I guess I'm in the minority here, but I don't think I'd mind a single flash compared to something like a full page spinner / delay all content until ready type approach (e.g. what many SPAs do...). Partially because if all hell breaks loose, at least the html that's presented is still readable. I am definitely constantly warming up to the idea of including some CSS in the initial page load. I do think it should be a fairly minimal set though (especially since libs like Katex and pygments are decently sized and not used everywhere).
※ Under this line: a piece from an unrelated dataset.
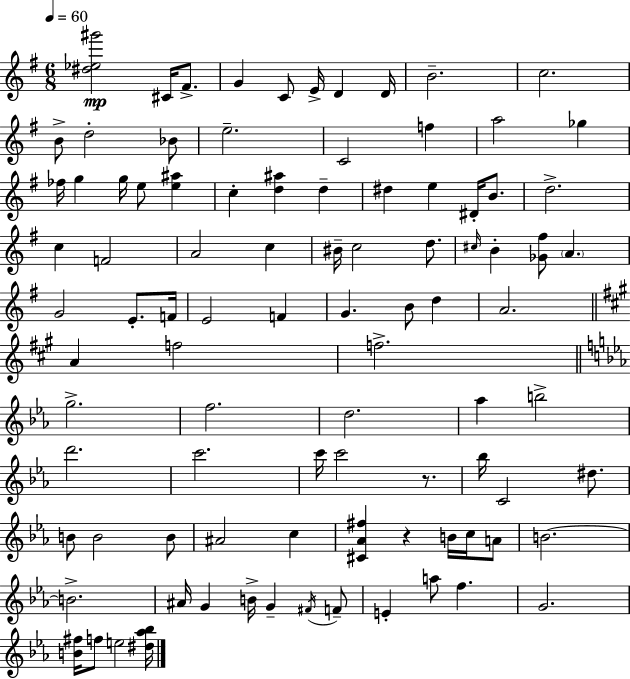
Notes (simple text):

[D#5,Eb5,G#6]/h C#4/s F#4/e. G4/q C4/e E4/s D4/q D4/s B4/h. C5/h. B4/e D5/h Bb4/e E5/h. C4/h F5/q A5/h Gb5/q FES5/s G5/q G5/s E5/e [E5,A#5]/q C5/q [D5,A#5]/q D5/q D#5/q E5/q D#4/s B4/e. D5/h. C5/q F4/h A4/h C5/q BIS4/s C5/h D5/e. C#5/s B4/q [Gb4,F#5]/e A4/q. G4/h E4/e. F4/s E4/h F4/q G4/q. B4/e D5/q A4/h. A4/q F5/h F5/h. G5/h. F5/h. D5/h. Ab5/q B5/h D6/h. C6/h. C6/s C6/h R/e. Bb5/s C4/h D#5/e. B4/e B4/h B4/e A#4/h C5/q [C#4,Ab4,F#5]/q R/q B4/s C5/s A4/e B4/h. B4/h. A#4/s G4/q B4/s G4/q F#4/s F4/e E4/q A5/e F5/q. G4/h. [B4,F#5]/s F5/e E5/h [D#5,Ab5,Bb5]/s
Neat! I am a little weary of bespoke systems since you can end of with a maintenance burden...which I guess is lately what happened with a lot of the code here... |
Also see #822 . |
Currently, bjc-r pages are very slow to load and have a lot of flashing-of-unstyled-content. This is because all of the
stylesheets, as well as some HTML content, is dynamically inserted by loader.js. Browsers will then do this:
Load initial HTML, and kick off request for loader.js
Render what they have (unstyled content, because there are no style sheets
loader.js loads and executes, which inserts styles sheets and widgets on the homepage
Browser kicks off requests for style sheets, and renders what it has (now with widgets, but still unstyled)
Style sheets load and the page renders its final, correct version
All of this can be avoided with a very simple edit - simply inline the style sheets and widgets in the page.
I've also made some tiny edits to llab so that it is forward-compatible with inlining. It was already compatible with it in most cases.